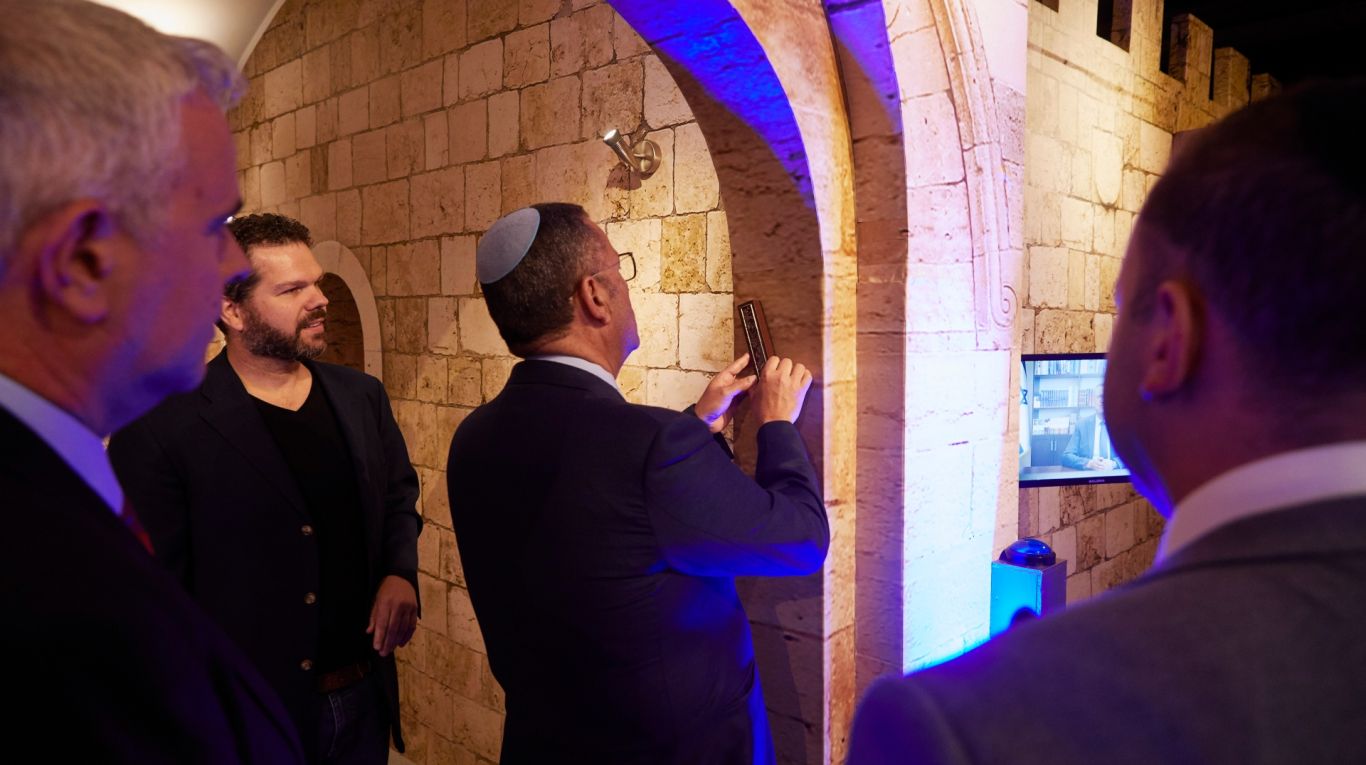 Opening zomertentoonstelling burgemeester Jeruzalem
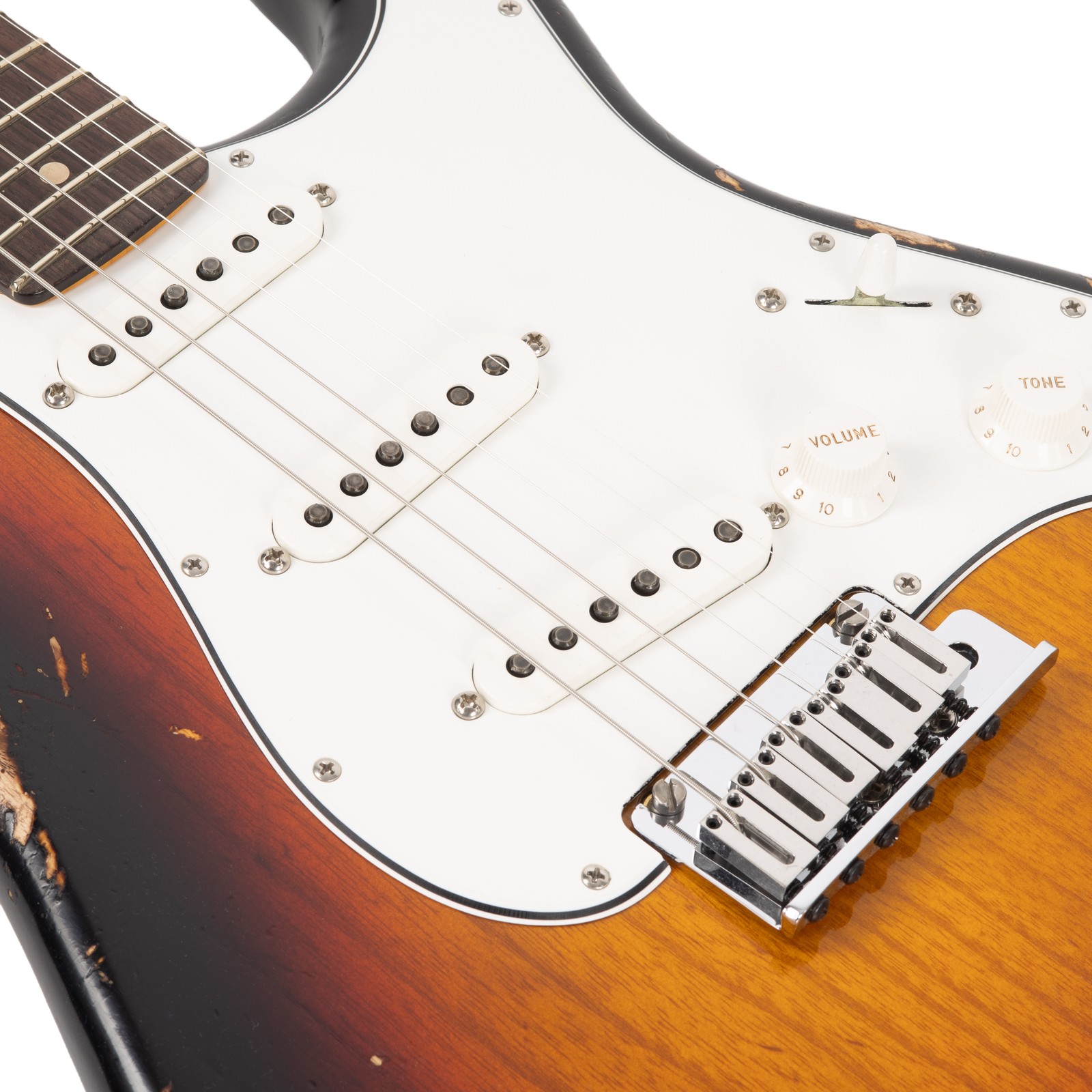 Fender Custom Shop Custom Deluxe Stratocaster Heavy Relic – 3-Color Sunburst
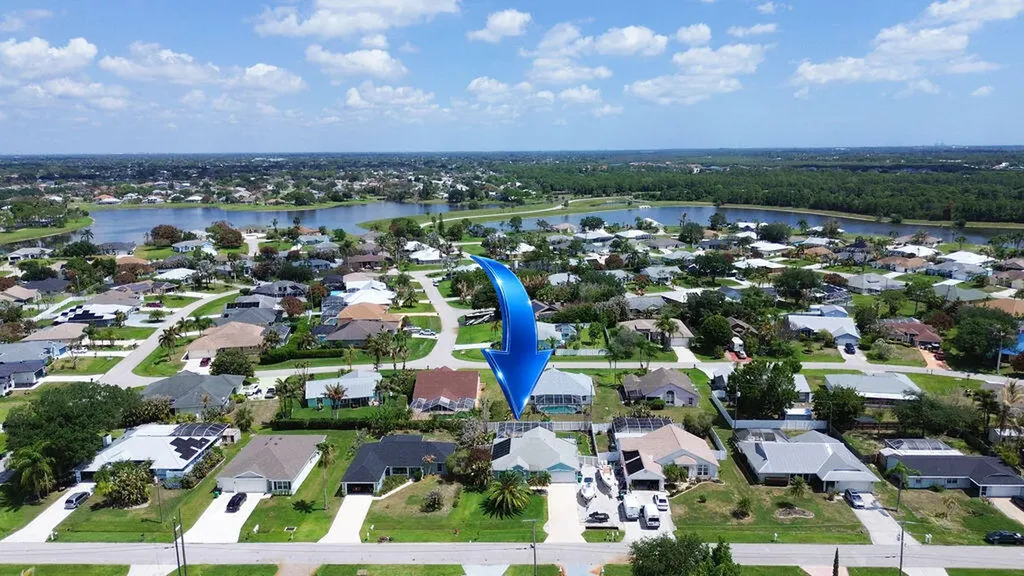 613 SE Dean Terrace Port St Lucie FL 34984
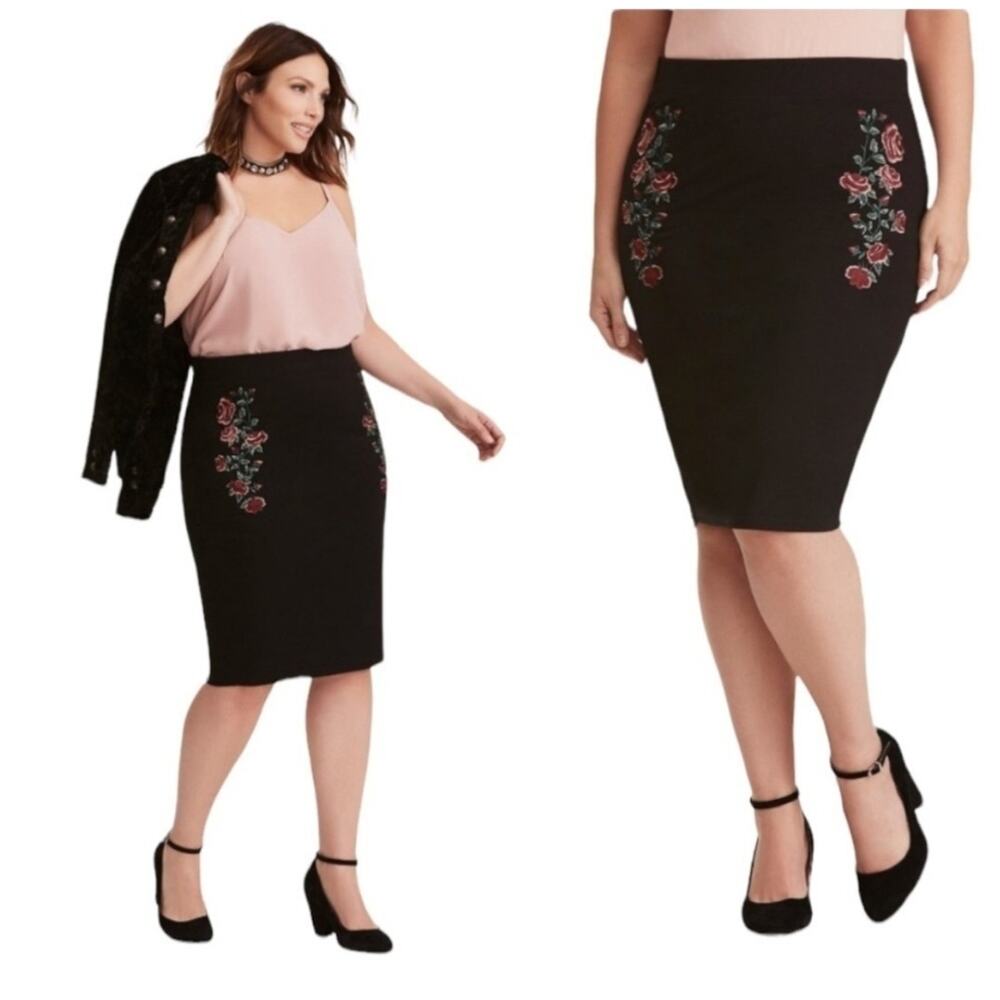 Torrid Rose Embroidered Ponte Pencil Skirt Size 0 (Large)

★ ★ ★ ★

→ **Problem statement**: Begin at the line containing "Fender Custom Shop" and stop at the last line of the data. Repeat only those lines, exactly, and leave out the pictures.

→ **Exercise answer**:
 Fender Custom Shop Custom Deluxe Stratocaster Heavy Relic – 3-Color Sunburst
 613 SE Dean Terrace Port St Lucie FL 34984
 Torrid Rose Embroidered Ponte Pencil Skirt Size 0 (Large)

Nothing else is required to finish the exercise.